Thus, the belief of the historians that the quoted language represents complaints against Quaker government in Pennsylvania or is intended as support for government authority rather than as provisions that are actually a limit on government authority is historically inaccurate and unsupportable.

Pennsylvania's 1776 Constitution began with an untitled preamble, which among other things indicated that the Constitution consisted of a Declaration of Rights and Form of Government. The following headings and excerpts of provisions from the 1776 Pennsylvania Constitution are presented here because they are of essential importance in examining various misleading and erroneous claims in the historians' McDonald brief. Note that the underlined portions of Declaration of Rights sections I, VIII, and XIII, below, are the specific clauses quoted by the historians in their brief.

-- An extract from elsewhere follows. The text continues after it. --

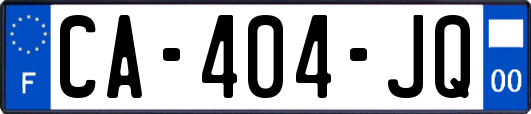 CA-404-JQ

"A DECLARATION OF THE RIGHTS OF THE INHABITANTS OF THE COMMONWEALTH, OR STATE OF PENNSYLVANIA
I. That all men are born equally free and independent, and have certain natural, inherent and unalienable rights, amongst which are, the enjoying and defending life and liberty, acquiring, possessing and protecting property, and pursuing and obtaining happiness and safety.
. . . .
VIII. That every member of society hath a right to be protected in the enjoyment of life, liberty and property, and therefore is bound to contribute his proportion towards the expence of that protection, and yield his personal service, when necessary, or an equivalent thereto: But no part of a man's property can be justly taken from him, or applied to public uses, without his own consent, or that of his legal representatives: Nor can any man who is conscientiously scrupulous of bearing arms, be justly compelled thereto, if he will pay such equivalent, nor are the people bound by any laws, but such as they have in like manner assented to, for their common good.
. . . .
X. That the people have a right to hold themselves, their houses, papers, and possessions free from search and seizure. . . [under general warrants that "are contrary to that right"]
. . . .
XII. That the people have a right to freedom of speech, and of writing, and publishing their sentiments; therefore the freedom of the press ought not to be restrained.
XIII. That the people have a right to bear arms for the defence of themselves and the state; and as standing armies in the time of peace are dangerous to liberty, they ought not to be kept up; And that the military should be kept under strict subordination to, and governed by, the civil power.
. . . .
XVI. That the people have a right to assemble together, to consult for their common good, to instruct their representatives, and to apply to the legislature for redress of grievances, by address, petition, or remonstrance." [OSA, pp.752,754]
. . . .
"PLAN OR FRAME OF GOVERNMENT FOR THE COMMONWEALTH
OR STATE OF PENNSYLVANIA
. . . .
Sect. 5. The freemen of this commonwealth and their sons shall be trained and armed for its defence under such regulations, restrictions, and exceptions as the general assembly shall by law direct, preserving always to the people the right of choosing their colonels and all commissioned officers under that rank, in such manner and as often as by the said laws shall be directed.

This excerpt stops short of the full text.